See original GitHub issue

By comparing a PR that may not have been rebased against the latest changes to master against master itself, graphql-inspector emits backwards compatibility warnings for any recently added fields, even though these fields won’t be removed by the PR. Although it’s possible to work around this by merging the latest master whenever this happens, this is a bit of a faff, especially given that GitHub doesn’t provide a button for doing this unless there’s a merge conflict.

Are there any tricks that would allow graphql-inspector to avoid showing these red herrings?

Issue Analytics

  • State:closed
  • Created 4 years ago
  • Reactions:2
  • Comments:16 (13 by maintainers)

github_iconTop GitHub Comments

kamilkisielacommented, Sep 11, 2020

@wopian done, use master and try to run Inspector Action on pull_request event, when it’s on push it won’t get a PR number. I would recommend to use pull_request on PRs and push for master branch or something like that.

dchamberscommented, Sep 30, 2019

I don’t understand why you want to do it. A Pull Request is defined to be merged into master, so you need to know if the PR won’t break anything. If you compare it to something different than what’s the point?

Could you explain a bit more? Maybe I don’t understand something?

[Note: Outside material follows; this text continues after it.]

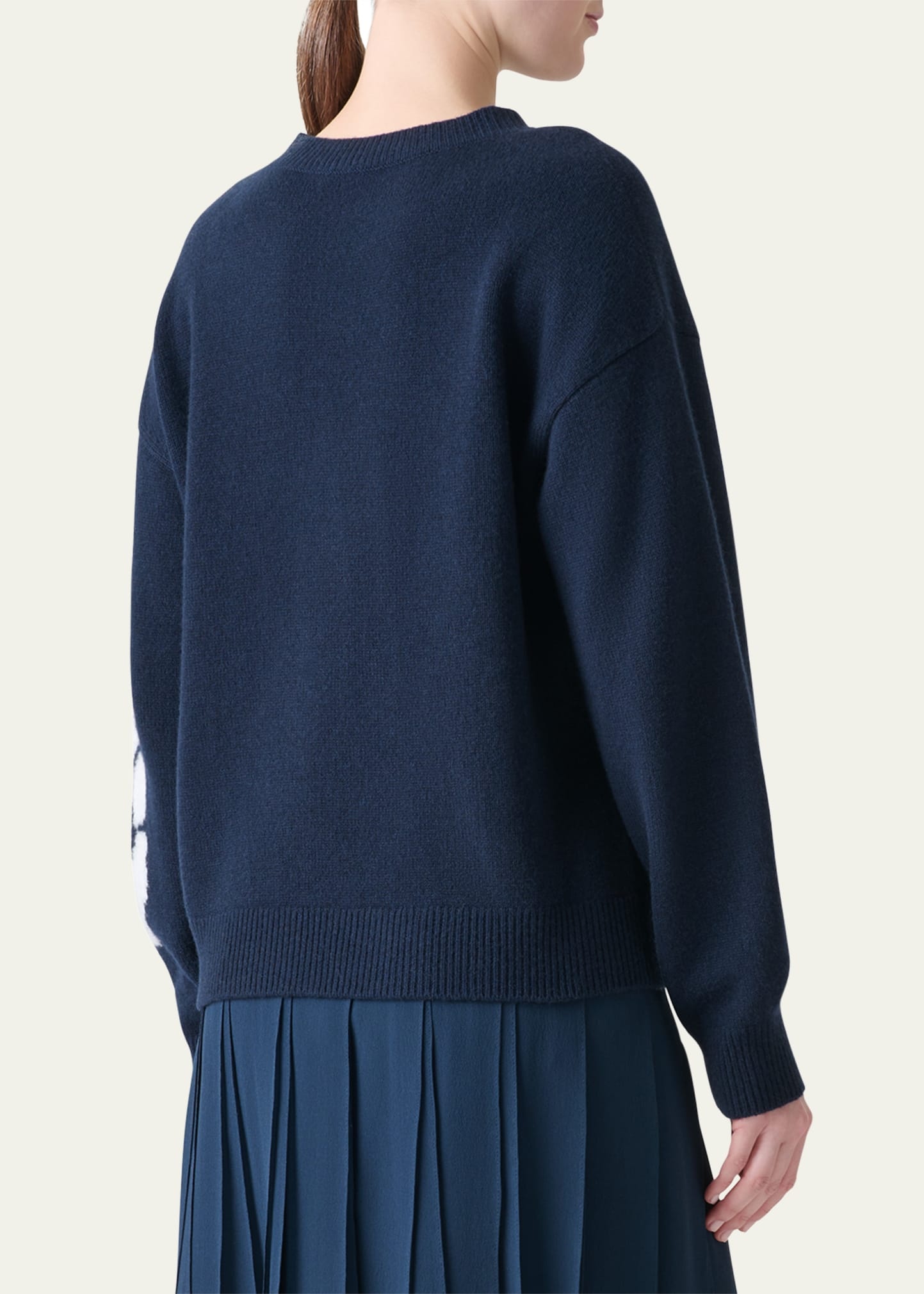 3D Anemone Intarsia Cashmere-Silk Sweater - 3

Apologies @kamilkisiela, I managed to miss your reply here.

Suppose you have two developers, Bob & Sue, both working on the same codebase. They both pull the code at the same time to begin their work – let’s call the commit they start with #c0.

After a day, Sue commits a change where she adds a new field to the schema (Person.age for arguments sake), so that the latest commit on master is now #c1.

Bob then pushes a new feature that does not change the schema whatsoever, and so can’t possibly introduce a backwardly incompatible change. However, graphql-inspector compares his commit (which does not yet contain Person.age) against master, which does, and concludes that Bob is breaking backwards compatibility by removing the Person.age field.

Of course, he’s doing no such thing, and the problem is only that the latest version of master (containing commit #c1) was not merged into his branch before performing the comparison.

Hopefully that makes more sense now?